Regreso entonces al reino de las pequeñas cosas de México porque son las más grandes. La modestia de un artesano y el orgullo de una cocinera. La melancolía de un cantante y el grito de un rebelde. La discreción de los amantes. La belleza, sin excepciones, de todos los niños de México. La cortesía innata de los buenos mexicanos.

La duradera, inmarchitable belleza de las más hermosas mexicanas. La paciencia cuando es sabia reflexión. La impaciencia cuando es meditada rebeldía. Los triunfos aislados del paisaje en medio de una naturaleza abrupta, impaciente, demasiado frondosa a veces, demasiado estéril otras, inalcanzable en su altura solar, indeseable en sus profundidades de infierno… (sólo en las mitologías mexicanas Mictlan, el inframundo, es cielo e infierno: un averno florido). México es estar en la contienda entre lo bello y duradero, arte, escultura, ciudades y templos hechos para la eternidad, y la progresión perniciosa de la fealdad, la basura, el desorden urbano, la desolación del campo…

Mi visión de México está siempre capturada entre el enigma de la aurora y el acertijo del crepúsculo, y en verdad no sé cuál es cual, pues ¿no contiene cada noche el día que la precedió, y cada mañana a la memoria de la noche que le dio origen?… Por eso las victorias de lo humano son mayores en México. Por extrema que sea nuestra realidad, no negamos ninguna faceta de la misma. Intentamos, más bien, integrarlas todas en el arte, la mirada, el gusto, el sueño, la música, la palabra… México es el retrato de una creación que nunca reposa porque aún no concluye su tarea. (Los cinco soles de México.)

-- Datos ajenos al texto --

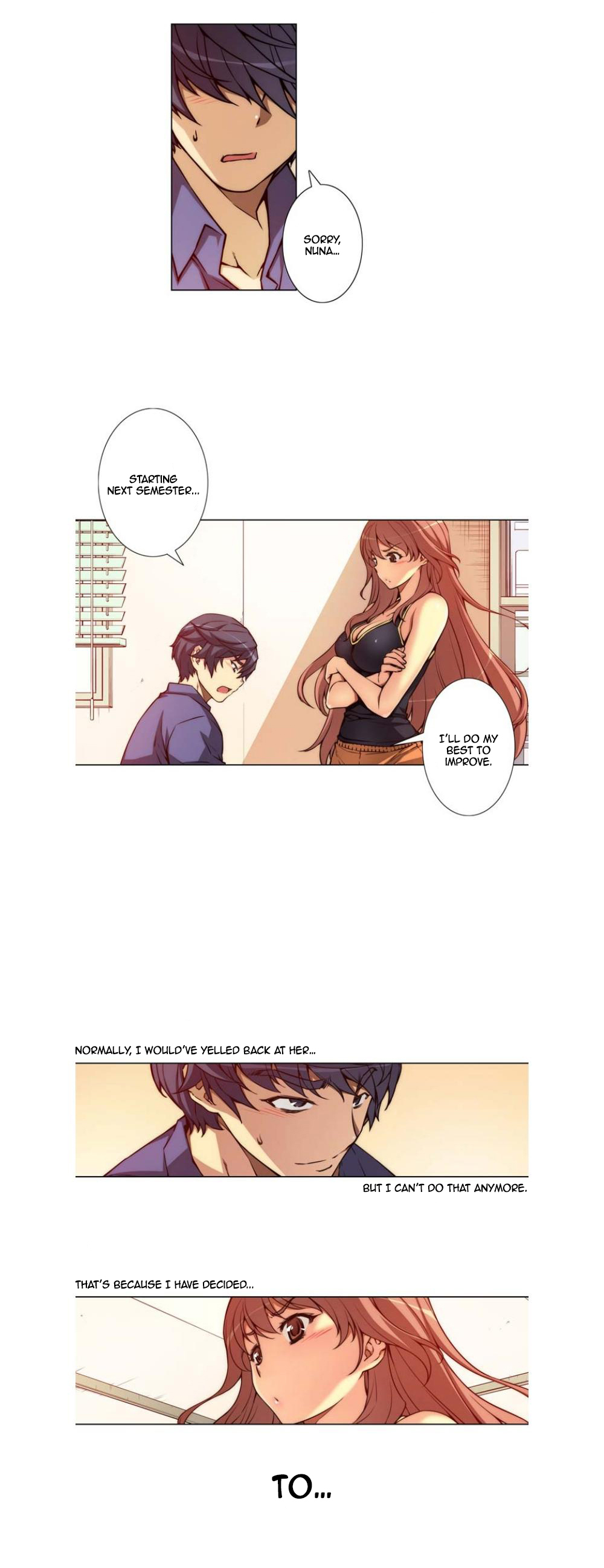 Unbalance x 3 chapter 1 page 10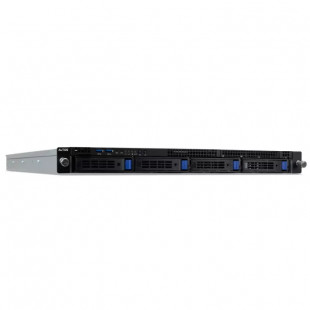 Сервер Acer Altos BrainSphere Server 1U R369 F4 (US.RL7TA.001)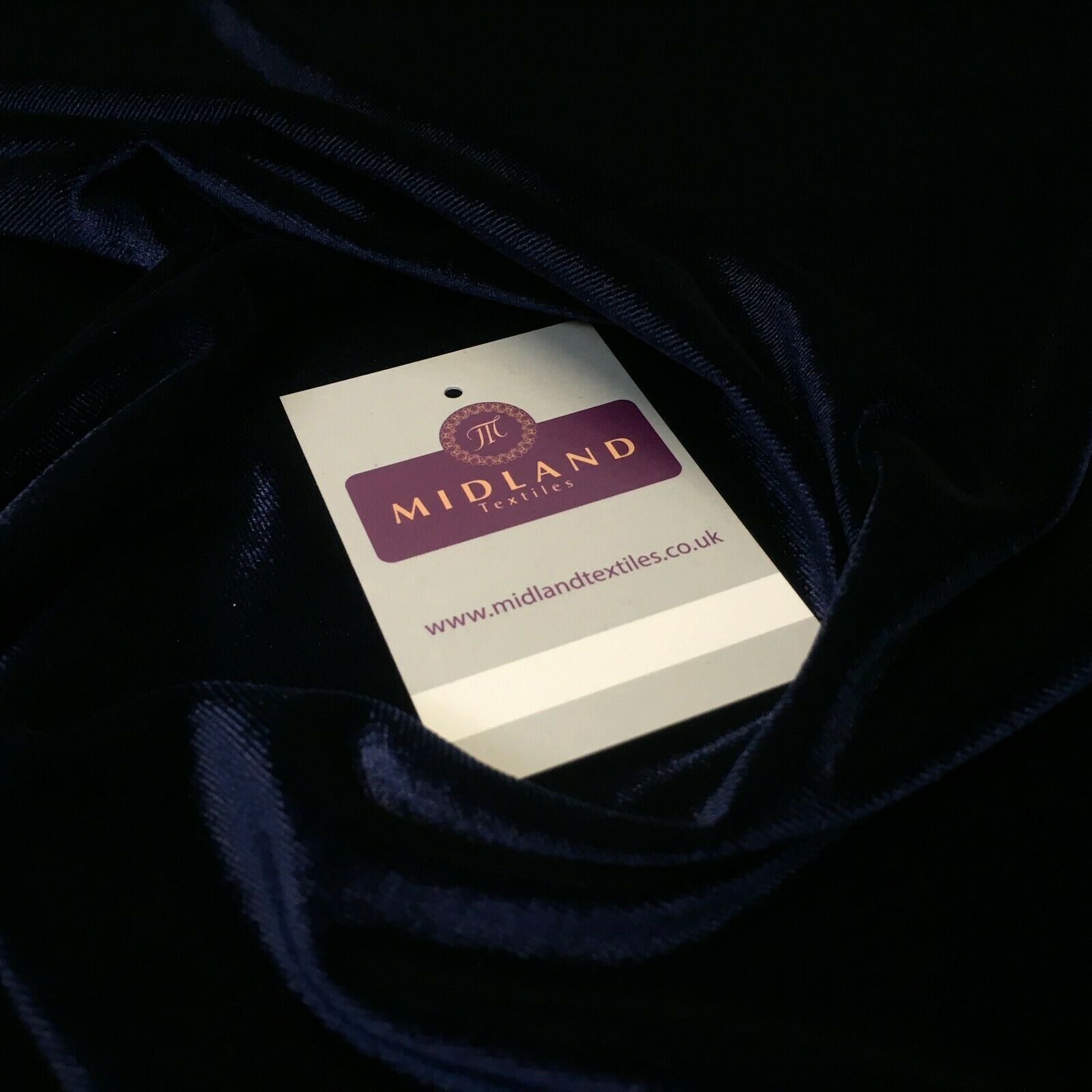 Spandex Velvet Velour Stretch Dress Fabric 58' Wide M35 Mtex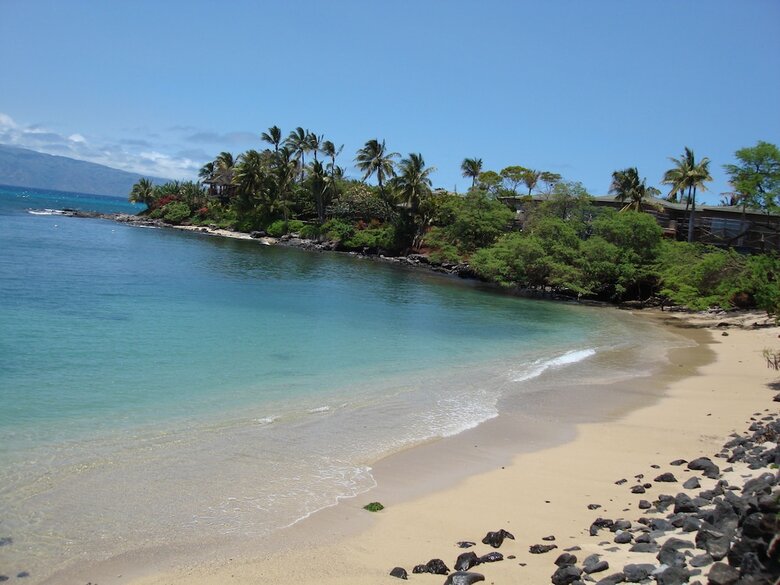 Maui Beach House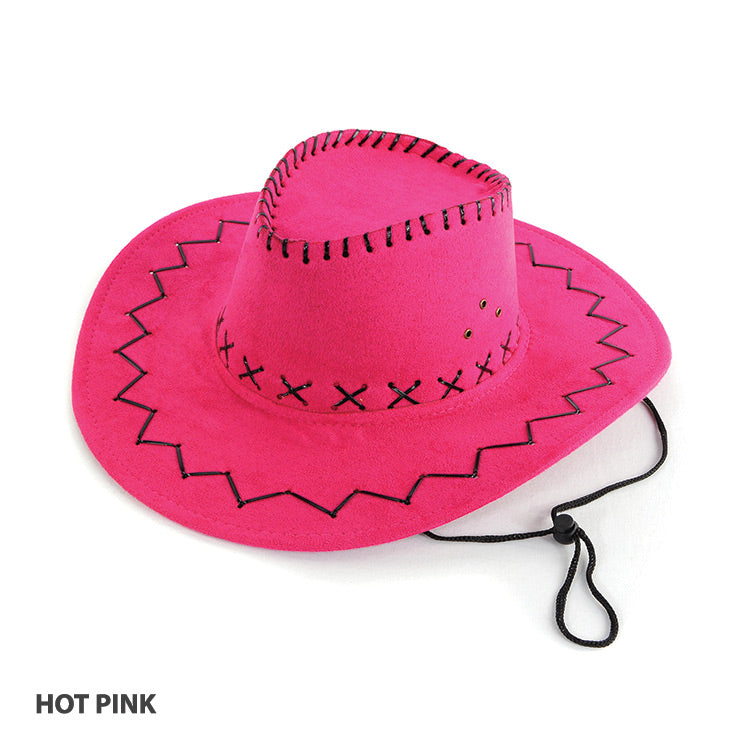 AH788 Cowboys Hat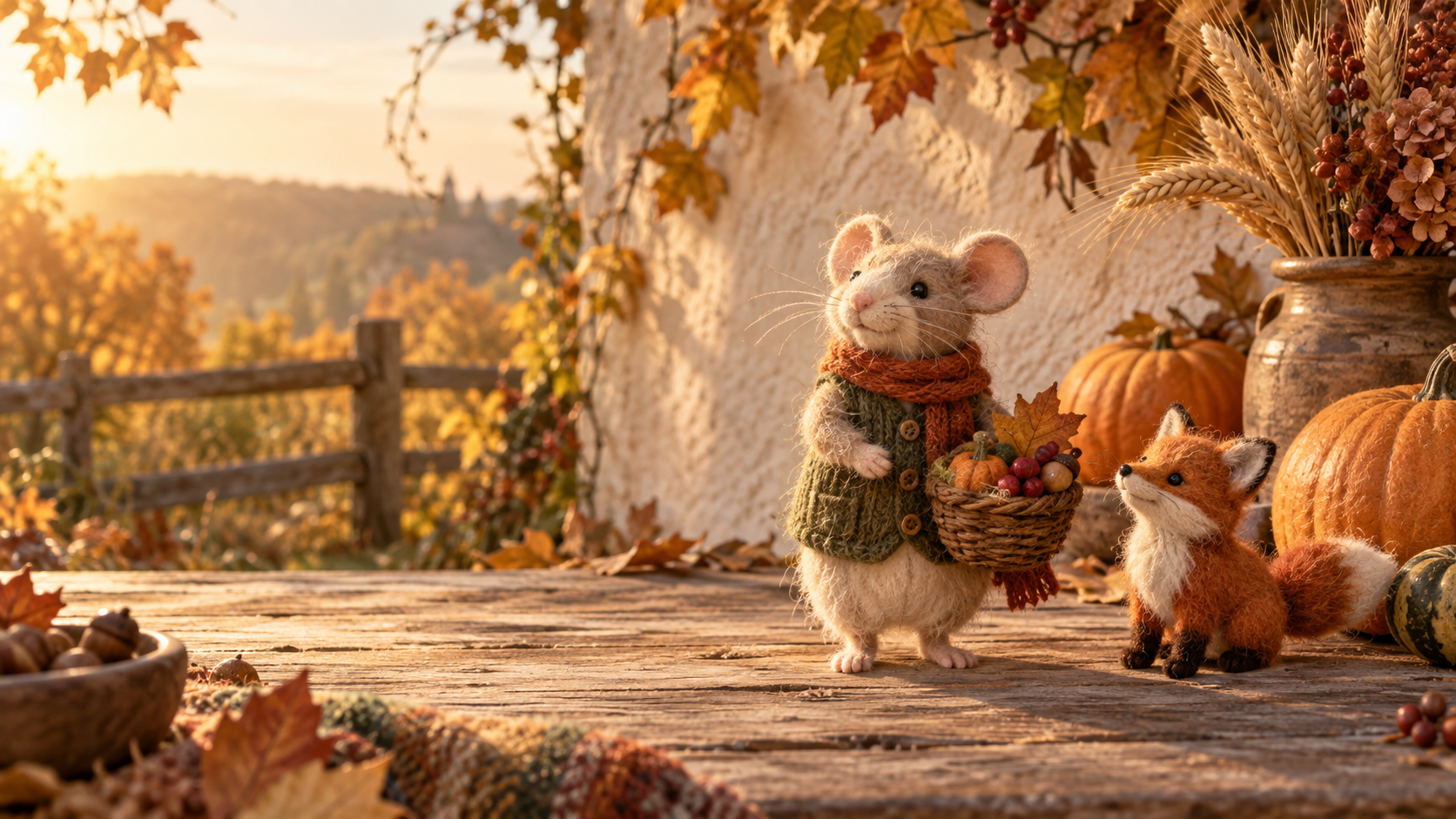 Autumn Collection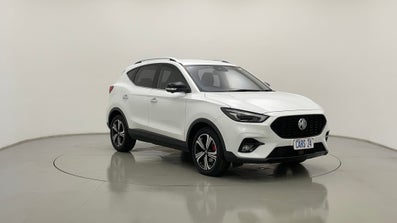 2021 MG Zst Excite Automatic, 25k km Petrol Car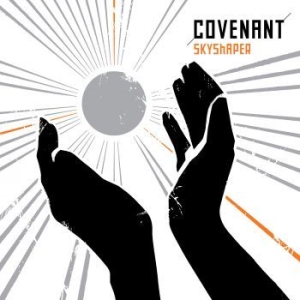 Covenant - Skyshaper (Digipack) in the group CD / Pop at Bengans Skivbutik AB (4211271)
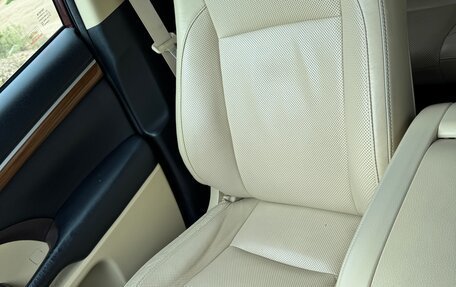 Toyota Highlander III, 2018 год, 3 600 000 рублей, 11 фотография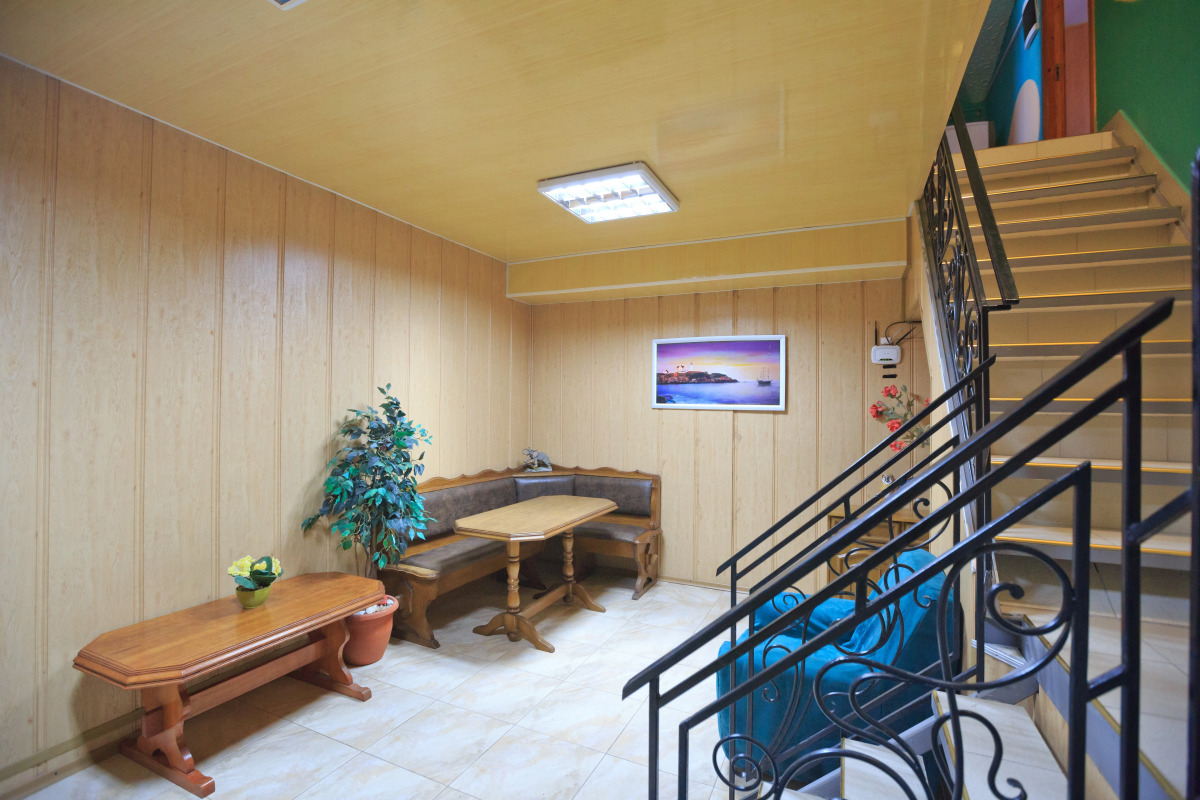 Эллинг Весла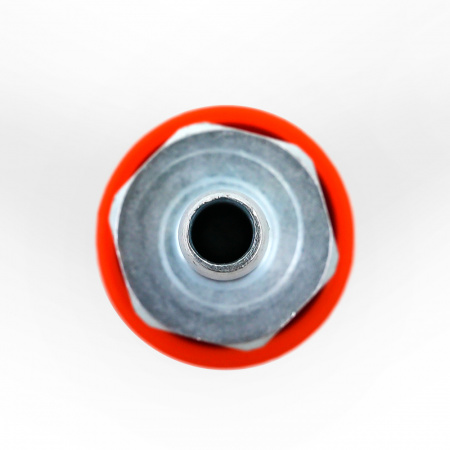 Внутреннее быстросъемное соединение SAGOLA повышенной долговечности (мама) с внутренним диаметром 8 мм (елочка) - Фото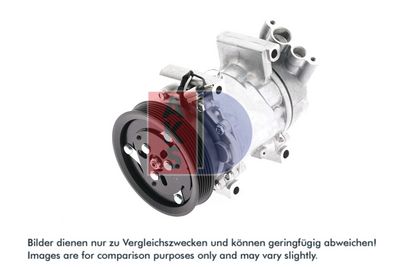 KOMPRESSOR KLIMAANLAGE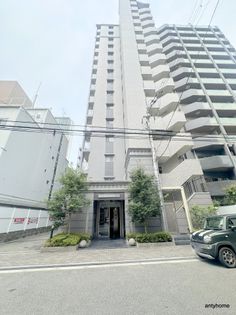 ミュプレ北浜の画像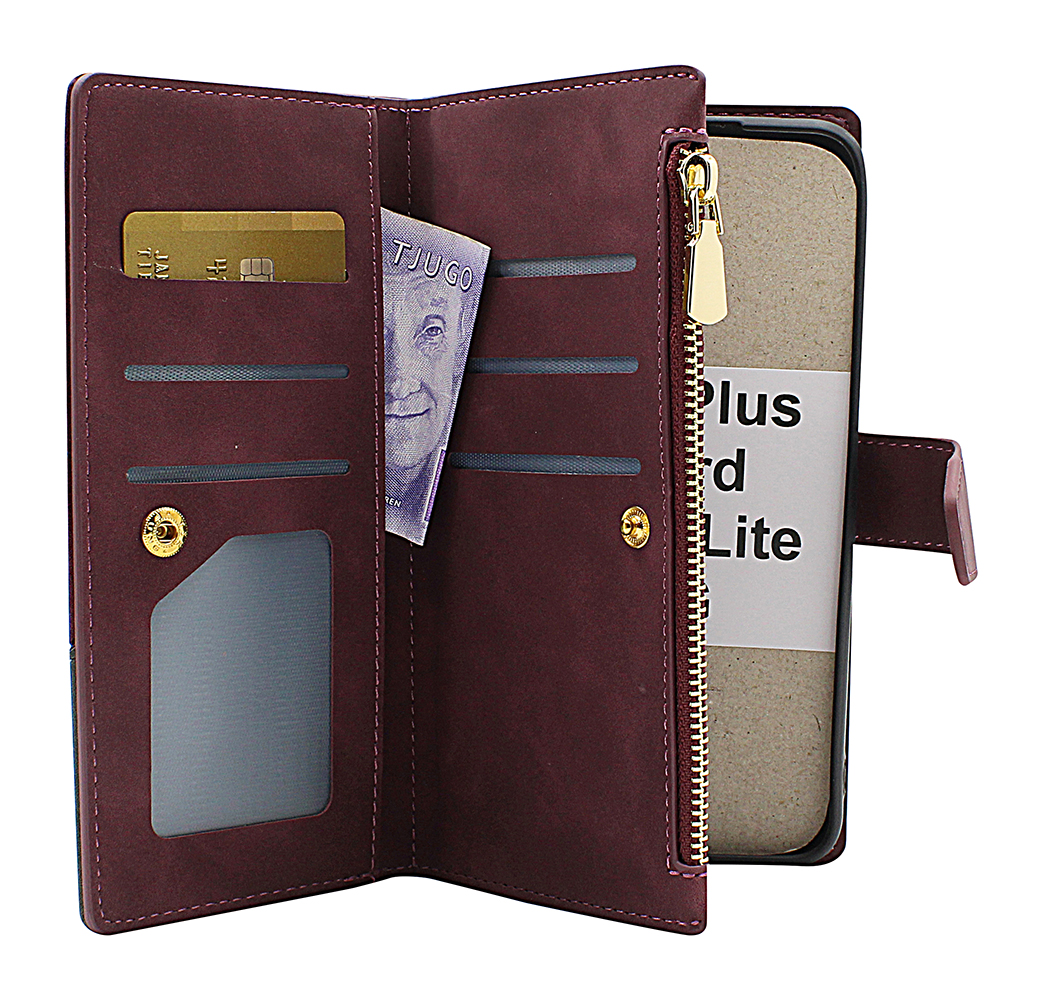 XL Standcase Luksuskotelo puhelimeen OnePlus Nord CE 2 Lite 5G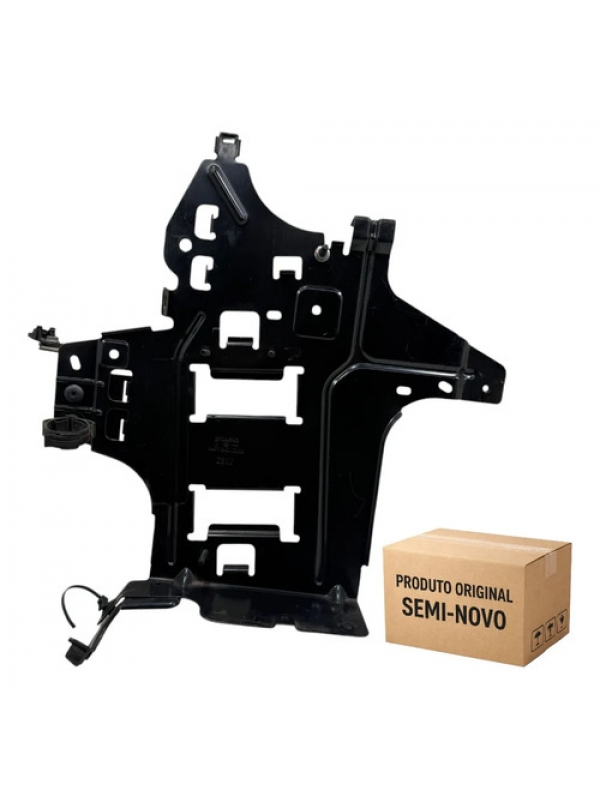 Suporte Módulo Injeção Renault Master 2.3 2013 2014 À 2023.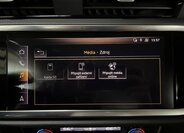 Audi Q3 SUV / Terénní 2,0 l 140 kw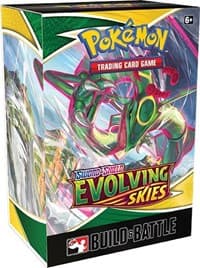 Evolving Skies Build & Battle Box: Evolving Skies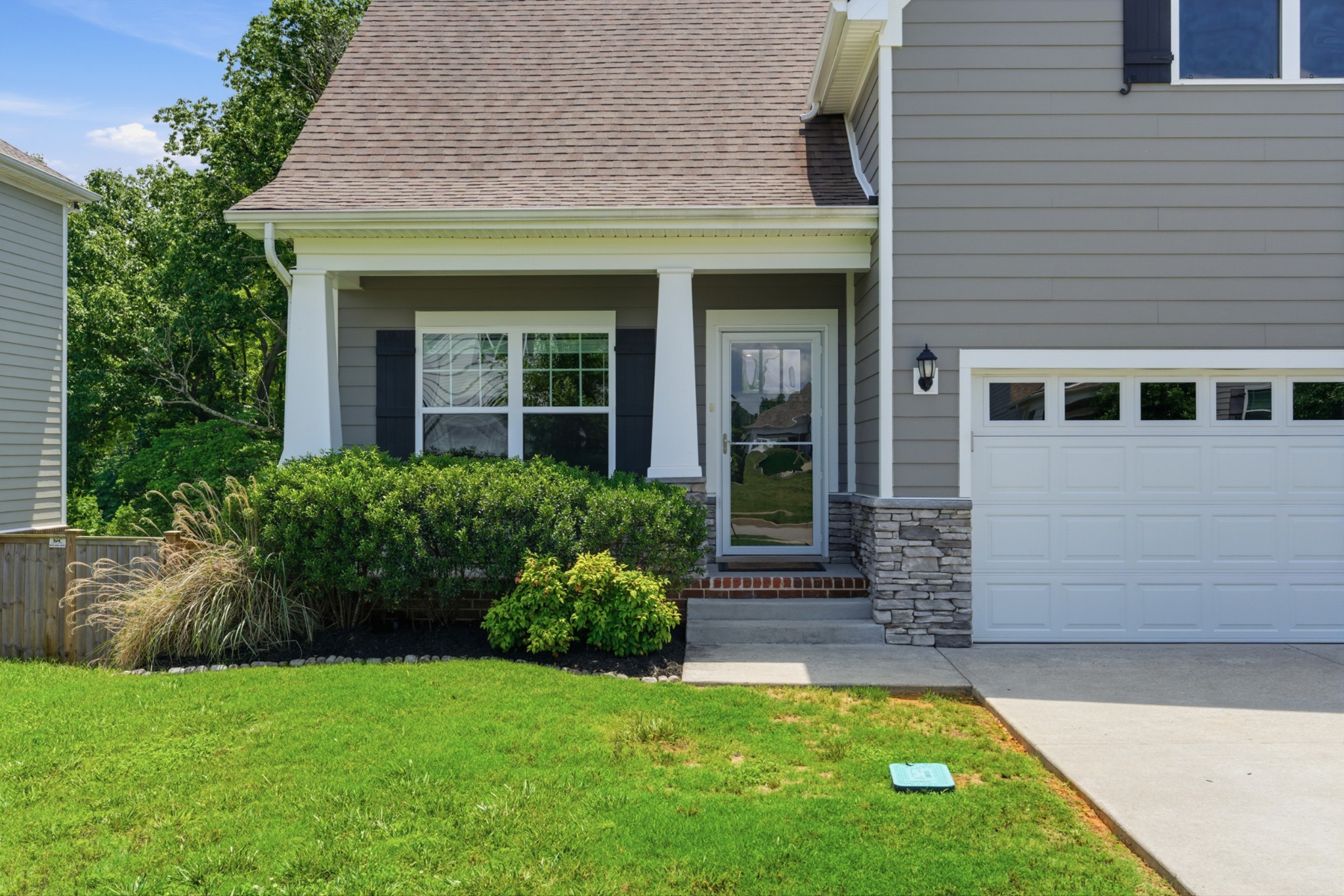 1072 Brayden Drive Fairview TN 37062
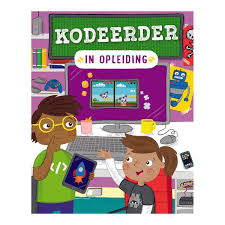 [LAPA-KIDS] In opleiding: Kodeerder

País inconcluso, México, paciente y sereno, esconde sin embargo la rabia de una esperanza demasiadas veces frustrada. Éste es un país que ha esperado durante siglos, soñado, el tiempo de su historia. Su mueca y su sonrisa se han vuelto inseparables. México es tierna fortaleza, cruel compasión, amistad mortal, vida instantánea. Todos sus tiempos son uno, el pasado ahorita, y el futuro ahorita, el presente ahorita. Ni nostalgia, ni desidia. ni ilusión, ni fatalidad. Pueblo de todas las historias, México sólo reclama con fuerza, con ternura, con crueldad, con compasión, con fraternidad, con vida y con muerte, que todo suceda, de una santa vez, hoy, ya, ese ya que es a la vez suspiro, exclamación, lápida y convocación: Ya me vine. Ya estuvo suave. Ya se murió. Ya nos juntamos. Mi historia, ni ayer ni mañana, quiero que hoy sea mi eterno tiempo, hoy quiero el amor, el paraíso y el infierno, la vida y la muerte, hoy, ni un solo disfraz más, acéptenme como soy, inseparable nuestra herida de nuestra cicatriz, tu llanto de tu risa, mi flor de mi cuchillo. Nadie ha esperado tanto, nadie ha combatido tanto contra la fatalidad, la pasividad, la ignorancia que otros han invocado para condenarle, como este pueblo de sobrevivientes, pues hace tiempo debió haber muerto de las causas naturales de la injusticia, la mentira y el desprecio que sus opresores han acumulado sobre el cuerpo llagado de México. Tantos milenios de lucha y sufrimiento y rechazo de la opresión, tantos siglos de invencible derrota, México surgido una y otra vez de sus propias cenizas. ¿Hasta cuándo? ¿Cuál será el plazo de nuestra siguiente esperanza, cuál la intensidad de nuestro próximo deseo?

MUERTE

Cuando se trata de acompañar a la muerte, ¿cuál es el tiempo válido para la vida? Freud nos advierte que lo que no tiene vida existió con anterioridad a lo vivo. El fin de toda vida es la muerte, una reina todopoderosa que nos precedió y seguirá aquí cuando desaparezcamos. ¿Nos anunció antes de ser? ¿Nos recordará después de haber sido? O más bien, la nada que nos precedió y que nos seguirá, ¿sólo se vuelve consciente en tanto naturaleza, no en tanto nada, gracias a nuestro paso por la vida? La muerte espera al más valiente, al más rico, al más bello. Pero los iguala al más cobarde, al más pobre, al más feo, no en el simple hecho de morir, ni siquiera en la conciencia de la muerte, sino en la ignorancia de la muerte. Sabemos que un día vendrá, pero nunca sabemos lo que es. La esperamos con grados diferentes de aceptación, de furia, de tristeza, de cuestionamiento, de arrepentimiento, de eso que Xavier Villaurrutia llamaba nostalgia de la muerte. Hacemos el balance de nuestra vida, pero sabemos que el verdadero fiscal es la muerte y que su veredicto lo conocemos de antemano.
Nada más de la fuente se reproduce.